Verena Flick hat uns - auch dies ein Beitrag zur Diskussion - einen Ausschnitt aus ihrem Romanprojekt "Ottilie. Eine Gespenstergeschichte" zugesandt, der von einem Gespräch zum Thema "Kirche und Kultur" handelt.

Karin Wendts kritische Rezension der jüngsten Publikation des Marburger Instituts für Kirchenbau und kirchliche Kunst der Gegenwart paßt sich insofern in die Thematik des Heftes ein, als sich hier vielleicht ansatzweise bereits konkretisiert, was sich die EKD vom Verhältnis von Kirche und Bildender Kunst erwartet.

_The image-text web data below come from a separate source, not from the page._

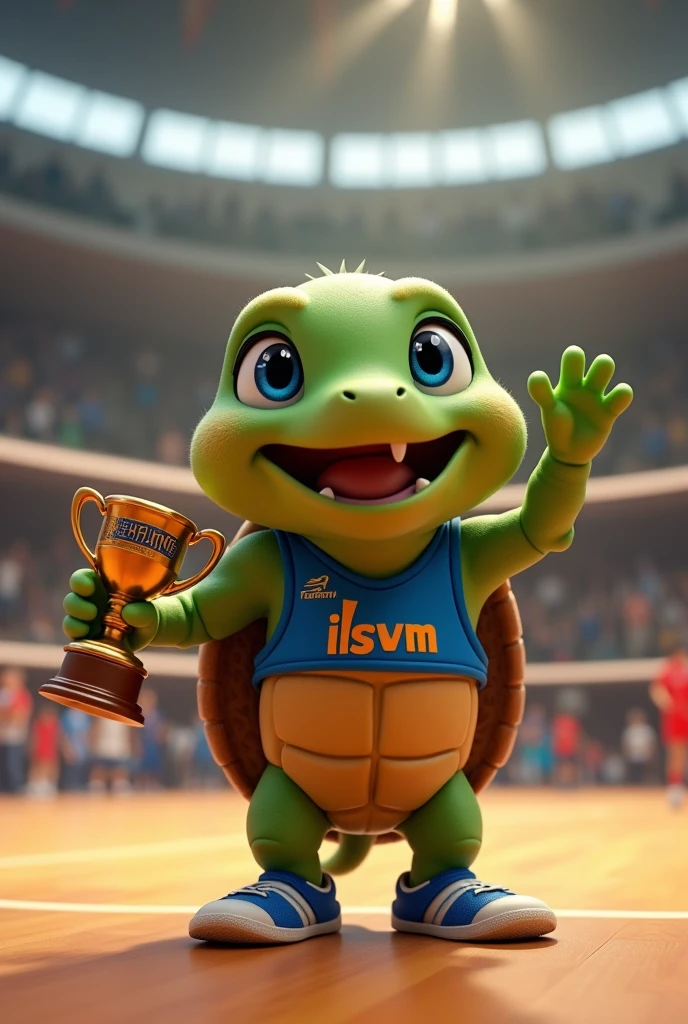 Waku, an adorable turtle with vibrant green skin and a rich brown shell, looks up with bright blue eyes shining with excitement, as if celebrating a triumphant spike, stands on a modern indoor volleyball court with polished wooden floors, waving and presenting to the spectators with his volleyball champion trophy, wearing a blue tank top with a stylized orange lowercase "lsvm" logo on the chest, his tiny tennis shoes tied and ready, capturing the essence of his cheerful and competitive spirit, with soft, warm lighting casting a comforting glow on the overall scene. He is greeting the public
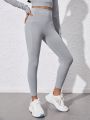 Tween Girls Fashionable Grey Sports Pants For Yoga, Running & Cycling, Stretchy, Breathable, Sweat-Wicking, Elastic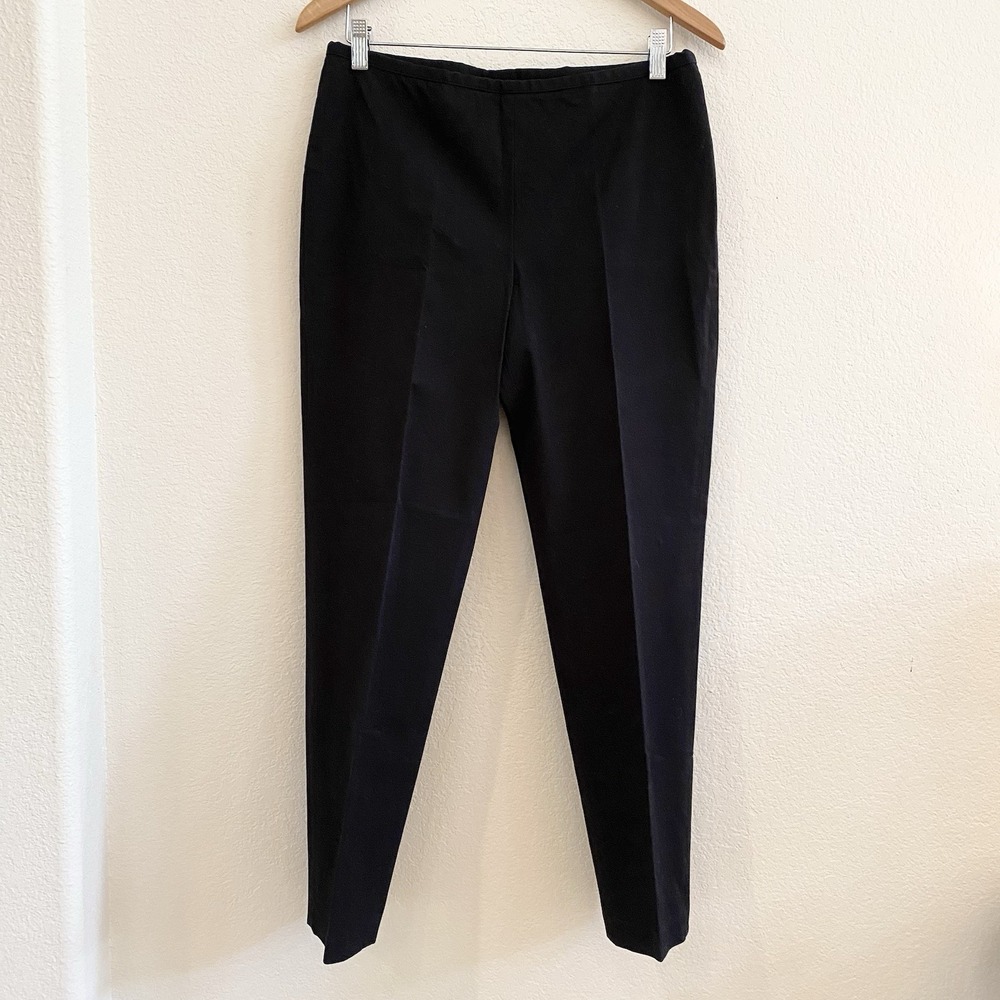 J. McLaughlin Black Cotton Blend Side-Zip Ankle Pants Size 10~ EUC Career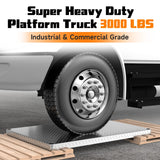 Heavy Duty Platform Truck 3000 lb Capacity, 44" x 28" Steel Flatbed Cart with 2 Detachable Handles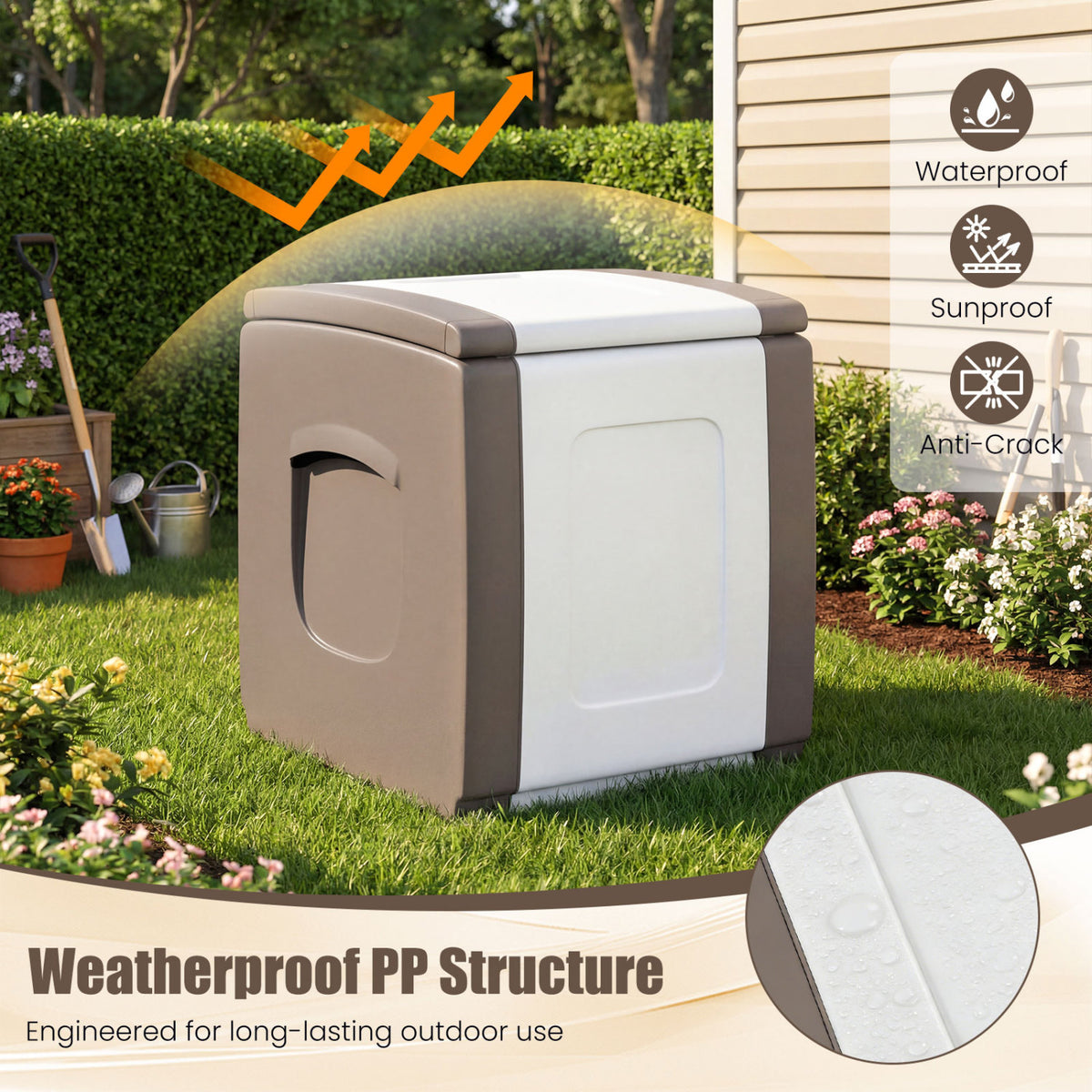 Outdoor Deck Box with Lid for Packages and Garden-Beige
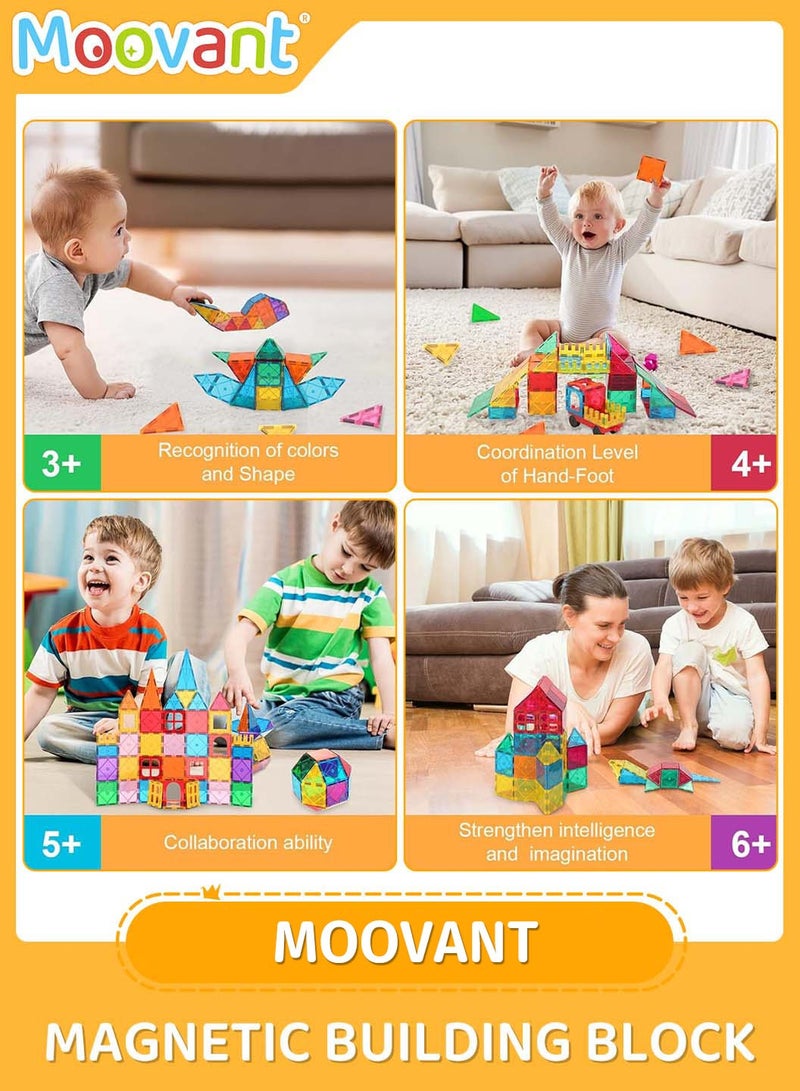 موفانت 100 قطعة من مكعبات البناء المغناطيسية، بلاط مغناطيسي مربع لبناء القلعة، ألعاب ما قبل المدرسة، بناء التراص، ألعاب مونتيسوري التعليمية للأطفال - Image 4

Zu erinnern ist die EKD bei all ihren künftigen Überlegungen aber auch immer wieder daran, daß der Begriff der "Kultur" selbst zugleich etwas Ambivalentes hat. Denn:

"Wer Kultur sagt, sagt auch Verwaltung, ob er will oder nicht. Die Zusammenfassung von so viel Ungleichnamigem wie Philosophie und Religion, Wissenschaft und Kunst, Formen der Lebensführung und Sitten, schließlich dem objektiven Geist eines Zeitalters unter dem einzigen Wort Kultur verrät vorweg den administrativen Blick, der all das, von oben her, sammelt, einteilt, abwägt, organisiert. ... Aber Kultur ist zugleich, gerade nach deutschen Begriffen, der Verwaltung entgegengesetzt. Sie möchte das Höhere und Reinere sein, das, was nicht angetastet, nicht nach irgendwelchen taktischen oder technischen Erwägungen zurechtgestutzt ward. In der Sprache der Bildung heißt das ihre Autonomie. Gern assoziiert damit die gängige Meinung Persönlichkeit. Kultur sei die Manifestation reinen Menschenwesens, ohne Rücksicht auf Funktionszusammenhänge in der Gesellschaft. Daß man das Wort Kultur trotz seines selbstgerechten Beiklangs nicht vermeiden kann, bezeugt, wie sehr die hundertmal zu Recht kritisierte Kategorie der Welt wie sie ist, der verwalteten, verschworen und angemessen ist. Gleichwohl wird kein einigermaßen Empfindlicher das Unbehagen an der Kultur als einer verwalteten los."
Theodor W. Adorno, Kultur und Verwaltung, Merkur 1960, Heft 2, S. 101ff.